§ **WORK ITEM**:
Return the run of lines below that opens with the line containing "Merry And Bright" and closes with the line containing "Amos 9 The Coming Destruction of Israel", keeping each one exact.

§ **RECORD SET**:
---
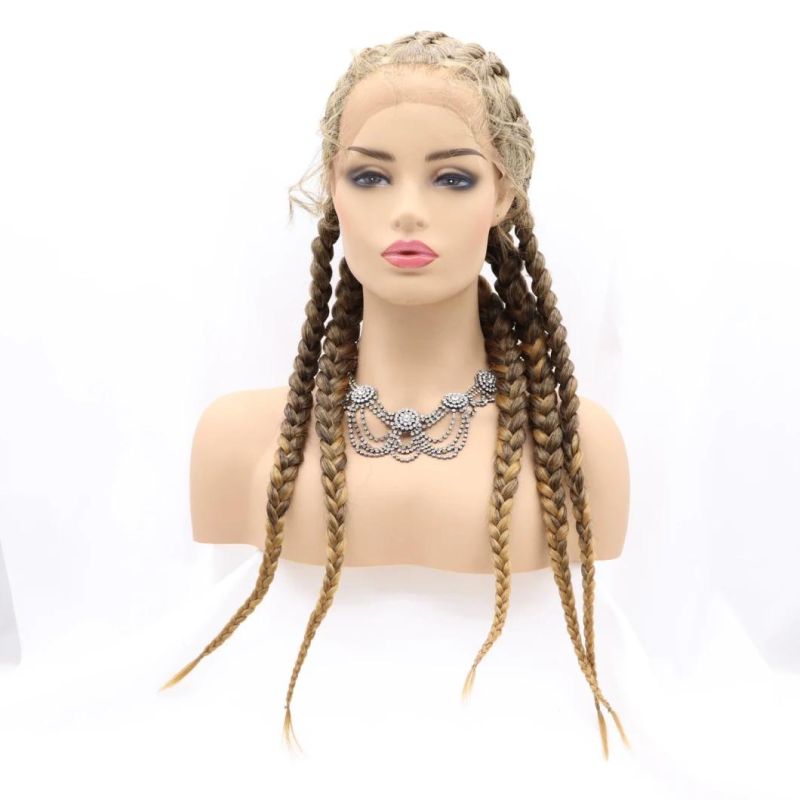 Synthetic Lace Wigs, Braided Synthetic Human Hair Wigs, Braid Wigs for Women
---
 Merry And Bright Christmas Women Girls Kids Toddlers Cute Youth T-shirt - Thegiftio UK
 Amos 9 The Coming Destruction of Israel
---
§ **RESPONSE TO THIS TASK**:
 Merry And Bright Christmas Women Girls Kids Toddlers Cute Youth T-shirt - Thegiftio UK
 Amos 9 The Coming Destruction of Israel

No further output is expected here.